What should have happened instead?:

Like the old parser, attributes expanded from the template should be recognized.

Other information:

As described in docs/design.md, this should have been addressed by code in Wt2Html/PP/Handlers/TableFixups.php, but it is still broken so I am reporting it as a bug.

Event Timeline

Investigation notes: getReparseType() and other code have incorrect checks for "in extension content" because the wrapper node is both from an extension *and* from a template and so it skips over the entire template content when the first node is also an extension tag. T87274: DOM nodes with multiple typeof values is related.

The example wikitext is invalid from a less general perspective anyway. You cannot put a <templatestyles> tag in the middle of what eventually expands to <td class ...> (because the templatestyles tag itself expands to one of two HTML tags <style> or <link> depending on whether another templatestyles tag of the same kind is already on the page). If you want to keep the TemplateStyles tag, you need to move it into the cell content proper, that is after the | character mid-template.

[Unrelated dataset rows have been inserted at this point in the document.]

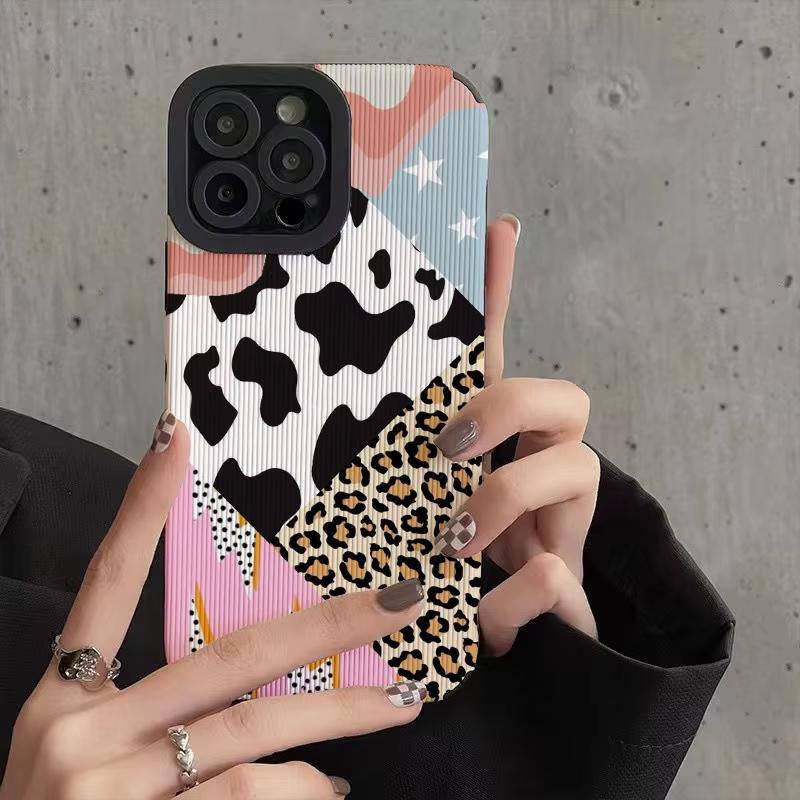 Creative Leopard Cow Silicone Leather Case For iPhone 16 15 14 13 17 Pro Max Air 11 12 Mini Soft Shockproof Cover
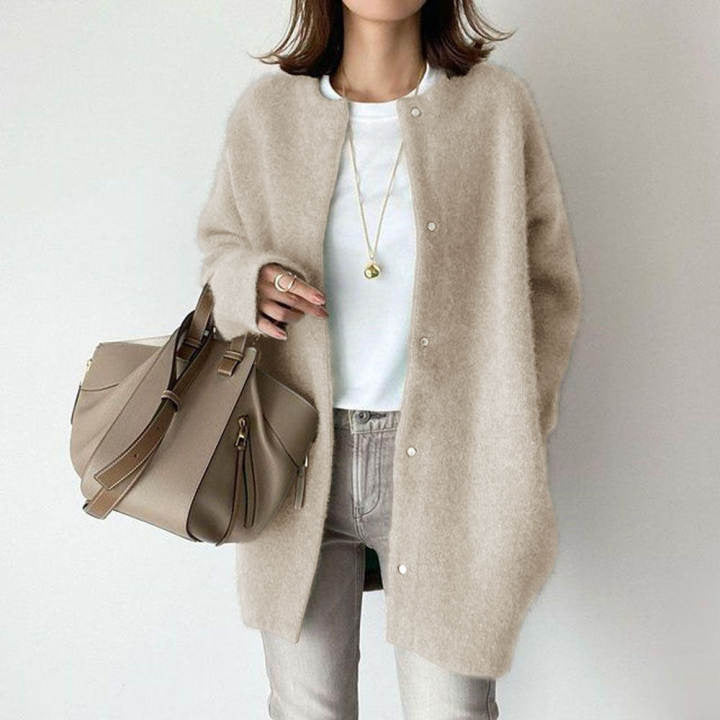 Loose Round Neck Solid Color Coat Jacket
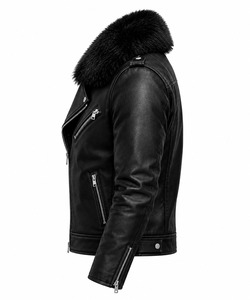 Blouson de motard en cuir noir pour homme, col en fausse fourrure, coupe ajustée, veste de moto d'hiver, fermeture éclair, manches amovibles - Product Image 3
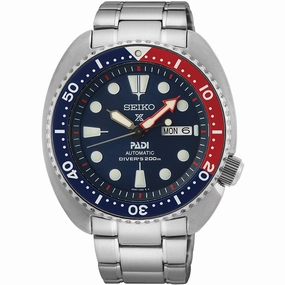 Seiko Men's Automatic Watch - Prospex Padi Turtle Blue Dial SS Bracelet | SRPE99K1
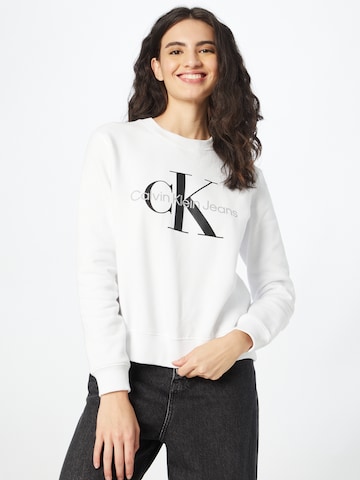 Calvin Klein Jeans Sweatshirt in Wit: voorkant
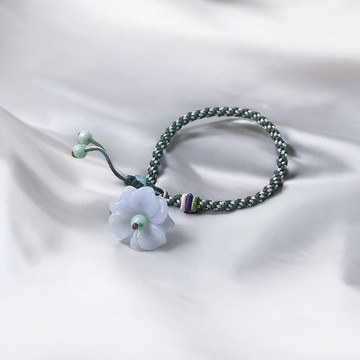 冰糯翡翠花編織手鍊 | 天然緬甸玉翡翠A貨 | 送禮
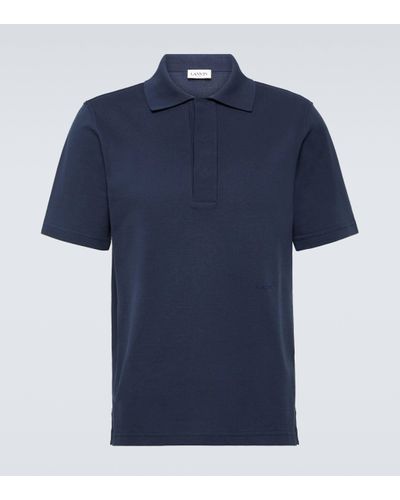 Lanvin Oversized Cotton Jersey Polo Shirt - Blue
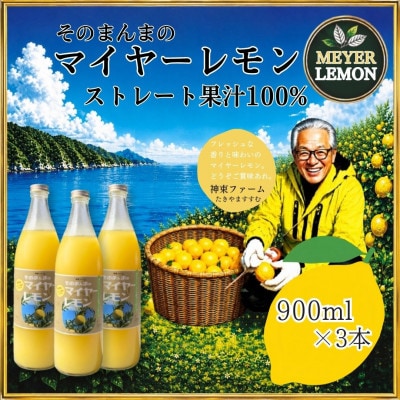 そのまんまのマイヤーレモン果汁100%　900ml×3本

In Parser.php, without template considerations as required by the example this kind of wikitext disappears the tag entirely in the HTML, which I would consider about as buggy as anything. Parsoid isn't much better because it gets sucked into a data-mw attribute for some reason, which is still buggy IMO, but at least you know there was supposed to be a tag there. It still should appropriately be resolved by fixing the source template.

... Parsoid isn't much better because it gets sucked into a data-mw attribute for some reason, which is still buggy IMO, but at least you know there was supposed to be a tag there. It still should appropriately be resolved by fixing the source template.

Parsoid's output here is deliberate to match the legacy parser behavior to minimize rendering incompatibilities on switch over. Parsoid sticks in data-mw so it can be emitted back during html -> wt transformations.

Per @Izno's comment above, likes like @XtexChooser has updated the template to fix the issue. The table now renders identically with Parsoid and legacy parser. As such, I am going to decline this issue. If a similar issue crops up in the future for something else, we can revisit if something needs to happen in Parsoid.